O processo de inventário não serve apenas para “dividir bens”. Serve para identificar herdeiros, relacionar bens e dívidas, resolver divergências, avaliar património, determinar quinhões e formalizar a partilha. Antes de iniciar o processo, pode ser prudente procurar apoio de Advogados com experiência em heranças, partilhas e processo de inventário.
O que é um processo de inventário?
O processo de inventário é o meio utilizado para relacionar, avaliar e partilhar os bens de uma herança ou, em certos casos, os bens comuns de um casal.
Na sucessão por morte, o inventário permite apurar quem são os herdeiros, quais os bens deixados pelo falecido, que dívidas existem, que direitos devem ser respeitados e como deve ser feita a divisão do património.
Pode envolver imóveis, contas bancárias, veículos, quotas de sociedades, recheio de casa, aplicações financeiras, dívidas, créditos, seguros, doações anteriores, testamentos ou bens situados no estrangeiro.
O inventário pode ser necessário quando não há acordo entre os herdeiros, quando há dúvidas sobre a composição da herança ou quando existem interessados que carecem de especial proteção, como menores ou maiores acompanhados.

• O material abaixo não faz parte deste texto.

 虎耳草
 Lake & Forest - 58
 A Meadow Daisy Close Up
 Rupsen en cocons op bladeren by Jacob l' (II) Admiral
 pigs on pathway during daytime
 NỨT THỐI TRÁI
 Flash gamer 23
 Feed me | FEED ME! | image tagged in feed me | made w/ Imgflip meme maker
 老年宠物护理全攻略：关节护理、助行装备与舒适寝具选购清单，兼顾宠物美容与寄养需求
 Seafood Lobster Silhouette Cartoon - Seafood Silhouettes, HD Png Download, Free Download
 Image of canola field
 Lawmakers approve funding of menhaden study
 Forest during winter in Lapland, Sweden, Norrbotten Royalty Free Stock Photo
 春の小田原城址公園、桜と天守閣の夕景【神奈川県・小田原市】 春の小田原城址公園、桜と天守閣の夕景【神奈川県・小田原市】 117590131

Quando todos os herdeiros estão de acordo e a situação é simples, pode ser possível realizar uma partilha extrajudicial por escritura ou documento particular autenticado, sem necessidade de inventário contencioso.
Inventário judicial: quando se aplica?
O inventário judicial corre no tribunal. Desde a reforma introduzida pela Lei n.º 117/2019, o processo de inventário voltou a estar regulado no Código de Processo Civil, nomeadamente nos artigos 1082.º e seguintes.
Esta via é especialmente relevante quando existe litígio entre os interessados ou quando a lei exige intervenção judicial.
Pode ser necessário inventário judicial, por exemplo, quando:
- os herdeiros não chegam a acordo sobre a partilha;
- há divergências sobre a existência ou valor dos bens;
- existem dúvidas sobre testamento, doações ou legítima;
- há interessados menores, maiores acompanhados ou ausentes;
- existem conflitos sobre quem deve exercer funções de cabeça de casal;
- há oposição à relação de bens;
- é necessário decidir questões jurídicas complexas;
- existe partilha em consequência de divórcio litigioso ou separação de meações.
O tribunal tem poderes para decidir incidentes, apreciar reclamações, ordenar diligências, resolver conflitos e homologar a partilha.
Por ser uma via mais formal, o inventário judicial pode ser mais demorado, sobretudo quando há muitos interessados, bens difíceis de avaliar ou sucessivas impugnações.
Inventário notarial: quando pode ser usado?
O inventário notarial é tramitado em cartório notarial, nos termos do regime próprio aprovado pela Lei n.º 117/2019.
Pode ser uma alternativa útil quando os interessados pretendem uma tramitação fora do tribunal e quando o caso não exige, desde o início, uma decisão judicial permanente sobre conflitos complexos.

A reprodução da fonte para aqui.